**PROBLEM TO WORK ON:** Starting at the line that contains "Conclusion: Using NHL", quote each line exactly through the last line of the entries, both included.

(RECORDS TO USE Opens)

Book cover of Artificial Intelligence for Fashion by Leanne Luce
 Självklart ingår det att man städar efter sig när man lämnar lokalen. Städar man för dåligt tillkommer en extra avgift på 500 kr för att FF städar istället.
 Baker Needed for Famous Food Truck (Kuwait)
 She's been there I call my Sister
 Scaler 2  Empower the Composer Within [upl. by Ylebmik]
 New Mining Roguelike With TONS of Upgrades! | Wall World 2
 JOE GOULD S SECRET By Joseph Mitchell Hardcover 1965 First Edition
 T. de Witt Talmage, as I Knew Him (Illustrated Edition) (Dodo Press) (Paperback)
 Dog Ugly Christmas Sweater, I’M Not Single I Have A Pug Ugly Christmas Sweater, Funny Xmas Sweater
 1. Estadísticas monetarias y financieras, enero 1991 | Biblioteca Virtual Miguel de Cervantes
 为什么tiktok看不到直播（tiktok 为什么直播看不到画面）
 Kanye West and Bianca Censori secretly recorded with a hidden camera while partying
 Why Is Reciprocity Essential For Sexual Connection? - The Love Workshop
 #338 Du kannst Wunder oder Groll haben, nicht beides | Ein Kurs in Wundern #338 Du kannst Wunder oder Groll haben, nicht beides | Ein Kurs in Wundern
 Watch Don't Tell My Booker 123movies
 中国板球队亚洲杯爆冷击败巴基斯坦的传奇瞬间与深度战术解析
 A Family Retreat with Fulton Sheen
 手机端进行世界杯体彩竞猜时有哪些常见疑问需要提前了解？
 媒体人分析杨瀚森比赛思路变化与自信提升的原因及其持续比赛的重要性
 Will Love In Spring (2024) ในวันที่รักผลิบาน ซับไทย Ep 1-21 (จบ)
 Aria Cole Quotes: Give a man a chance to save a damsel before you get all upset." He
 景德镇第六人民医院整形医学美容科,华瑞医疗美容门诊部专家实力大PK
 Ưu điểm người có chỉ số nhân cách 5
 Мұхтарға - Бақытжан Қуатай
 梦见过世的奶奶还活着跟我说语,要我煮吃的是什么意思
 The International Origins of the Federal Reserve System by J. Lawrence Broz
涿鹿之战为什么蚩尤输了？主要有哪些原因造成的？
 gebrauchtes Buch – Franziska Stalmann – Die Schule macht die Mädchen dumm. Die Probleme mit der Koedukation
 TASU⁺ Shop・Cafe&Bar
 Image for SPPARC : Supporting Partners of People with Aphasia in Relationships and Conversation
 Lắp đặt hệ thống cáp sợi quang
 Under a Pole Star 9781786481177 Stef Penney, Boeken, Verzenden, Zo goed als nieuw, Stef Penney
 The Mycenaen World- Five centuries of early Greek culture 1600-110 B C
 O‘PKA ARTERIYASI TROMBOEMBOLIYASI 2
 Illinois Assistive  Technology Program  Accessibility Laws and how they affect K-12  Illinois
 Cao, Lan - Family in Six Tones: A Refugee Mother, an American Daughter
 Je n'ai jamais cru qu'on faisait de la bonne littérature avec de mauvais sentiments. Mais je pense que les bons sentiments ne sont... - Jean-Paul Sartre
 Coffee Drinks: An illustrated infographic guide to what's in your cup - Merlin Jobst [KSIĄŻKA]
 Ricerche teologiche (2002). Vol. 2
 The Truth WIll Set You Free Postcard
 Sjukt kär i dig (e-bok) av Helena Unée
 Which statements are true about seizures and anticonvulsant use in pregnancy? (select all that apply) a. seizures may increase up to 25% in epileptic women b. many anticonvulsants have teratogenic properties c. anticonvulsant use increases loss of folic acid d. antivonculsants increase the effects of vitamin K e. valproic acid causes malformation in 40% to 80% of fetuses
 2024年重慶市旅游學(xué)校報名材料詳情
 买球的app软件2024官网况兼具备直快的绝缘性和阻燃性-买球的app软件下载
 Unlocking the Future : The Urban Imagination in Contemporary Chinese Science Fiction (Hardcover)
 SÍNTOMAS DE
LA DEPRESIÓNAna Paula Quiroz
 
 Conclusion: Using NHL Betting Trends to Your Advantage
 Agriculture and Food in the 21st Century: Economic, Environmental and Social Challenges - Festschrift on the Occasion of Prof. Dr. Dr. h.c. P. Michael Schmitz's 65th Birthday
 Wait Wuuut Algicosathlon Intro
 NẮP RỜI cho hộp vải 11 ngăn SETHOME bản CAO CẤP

(RECORDS TO USE Closes)

**ANSWER FOR THE TASK:**
 Conclusion: Using NHL Betting Trends to Your Advantage
 Agriculture and Food in the 21st Century: Economic, Environmental and Social Challenges - Festschrift on the Occasion of Prof. Dr. Dr. h.c. P. Michael Schmitz's 65th Birthday
 Wait Wuuut Algicosathlon Intro
 NẮP RỜI cho hộp vải 11 ngăn SETHOME bản CAO CẤP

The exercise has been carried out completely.